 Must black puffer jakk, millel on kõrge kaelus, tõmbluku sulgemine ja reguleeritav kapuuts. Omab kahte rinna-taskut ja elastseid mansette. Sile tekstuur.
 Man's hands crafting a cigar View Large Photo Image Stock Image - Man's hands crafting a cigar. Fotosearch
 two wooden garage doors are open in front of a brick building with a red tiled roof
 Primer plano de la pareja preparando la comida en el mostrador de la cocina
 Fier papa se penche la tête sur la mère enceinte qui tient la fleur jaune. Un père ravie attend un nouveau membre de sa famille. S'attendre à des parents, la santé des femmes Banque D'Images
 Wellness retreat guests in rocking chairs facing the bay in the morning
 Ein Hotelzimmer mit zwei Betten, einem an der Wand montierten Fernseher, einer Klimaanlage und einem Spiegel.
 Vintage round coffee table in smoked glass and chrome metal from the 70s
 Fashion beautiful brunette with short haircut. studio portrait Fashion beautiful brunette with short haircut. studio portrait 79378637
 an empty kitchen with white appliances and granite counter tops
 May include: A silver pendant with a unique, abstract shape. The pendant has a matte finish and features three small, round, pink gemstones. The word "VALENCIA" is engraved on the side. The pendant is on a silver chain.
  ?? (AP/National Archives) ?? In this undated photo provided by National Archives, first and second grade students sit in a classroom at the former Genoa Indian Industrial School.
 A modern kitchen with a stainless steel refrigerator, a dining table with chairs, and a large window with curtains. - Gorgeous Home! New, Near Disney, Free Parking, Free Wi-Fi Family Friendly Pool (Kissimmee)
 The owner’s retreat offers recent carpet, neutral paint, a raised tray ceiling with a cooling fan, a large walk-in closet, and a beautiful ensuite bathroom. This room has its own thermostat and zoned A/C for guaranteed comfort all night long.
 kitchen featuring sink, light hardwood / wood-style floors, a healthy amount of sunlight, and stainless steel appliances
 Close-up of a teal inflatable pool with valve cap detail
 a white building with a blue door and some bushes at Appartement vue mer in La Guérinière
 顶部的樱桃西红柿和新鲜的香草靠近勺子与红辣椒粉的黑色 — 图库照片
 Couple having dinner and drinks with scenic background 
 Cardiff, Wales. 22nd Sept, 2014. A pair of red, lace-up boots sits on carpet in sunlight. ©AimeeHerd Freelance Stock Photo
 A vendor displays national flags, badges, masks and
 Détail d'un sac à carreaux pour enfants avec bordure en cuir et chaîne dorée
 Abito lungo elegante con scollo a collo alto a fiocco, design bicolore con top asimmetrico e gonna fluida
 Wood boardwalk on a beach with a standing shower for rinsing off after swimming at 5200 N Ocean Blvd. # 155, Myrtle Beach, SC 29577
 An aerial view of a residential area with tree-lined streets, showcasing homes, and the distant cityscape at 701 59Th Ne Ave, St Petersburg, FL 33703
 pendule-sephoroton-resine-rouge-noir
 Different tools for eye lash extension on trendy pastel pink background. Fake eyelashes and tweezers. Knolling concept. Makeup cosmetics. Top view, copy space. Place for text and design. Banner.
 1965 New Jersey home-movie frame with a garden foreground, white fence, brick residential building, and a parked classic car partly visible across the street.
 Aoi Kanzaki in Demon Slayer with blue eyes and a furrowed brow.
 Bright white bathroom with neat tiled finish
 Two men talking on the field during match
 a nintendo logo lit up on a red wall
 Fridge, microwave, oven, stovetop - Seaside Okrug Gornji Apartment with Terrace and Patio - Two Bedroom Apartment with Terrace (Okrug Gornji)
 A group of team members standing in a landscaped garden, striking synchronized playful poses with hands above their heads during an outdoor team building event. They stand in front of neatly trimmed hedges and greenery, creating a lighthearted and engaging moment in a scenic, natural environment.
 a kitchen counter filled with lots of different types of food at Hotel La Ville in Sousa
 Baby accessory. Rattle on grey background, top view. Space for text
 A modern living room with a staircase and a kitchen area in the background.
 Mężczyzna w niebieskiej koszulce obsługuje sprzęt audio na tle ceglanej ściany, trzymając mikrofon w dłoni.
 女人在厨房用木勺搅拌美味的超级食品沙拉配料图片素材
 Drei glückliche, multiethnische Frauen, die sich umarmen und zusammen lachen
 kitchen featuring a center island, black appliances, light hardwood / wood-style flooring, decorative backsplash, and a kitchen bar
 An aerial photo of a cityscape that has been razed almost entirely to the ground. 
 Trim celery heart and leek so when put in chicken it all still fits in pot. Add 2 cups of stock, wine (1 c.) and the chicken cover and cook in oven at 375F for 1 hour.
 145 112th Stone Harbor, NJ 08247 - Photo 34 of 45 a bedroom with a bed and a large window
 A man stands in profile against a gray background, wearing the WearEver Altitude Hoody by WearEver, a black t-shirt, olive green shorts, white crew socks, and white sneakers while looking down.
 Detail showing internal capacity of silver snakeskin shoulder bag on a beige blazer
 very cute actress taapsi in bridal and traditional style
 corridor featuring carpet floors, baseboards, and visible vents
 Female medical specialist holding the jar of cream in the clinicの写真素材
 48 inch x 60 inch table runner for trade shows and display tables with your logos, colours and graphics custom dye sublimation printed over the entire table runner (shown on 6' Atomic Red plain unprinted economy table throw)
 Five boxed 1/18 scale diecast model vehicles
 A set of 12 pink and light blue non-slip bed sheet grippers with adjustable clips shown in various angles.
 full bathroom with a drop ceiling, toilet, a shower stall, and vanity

● TASK TO COMPLETE
Beginning at the line with "An aerial photo" and ending at the line with "Trim celery heart", reproduce each line of the data above exactly, and add no other lines.

● OUTPUT FOR THIS EXERCISE
 An aerial photo of a cityscape that has been razed almost entirely to the ground. 
 Trim celery heart and leek so when put in chicken it all still fits in pot. Add 2 cups of stock, wine (1 c.) and the chicken cover and cook in oven at 375F for 1 hour.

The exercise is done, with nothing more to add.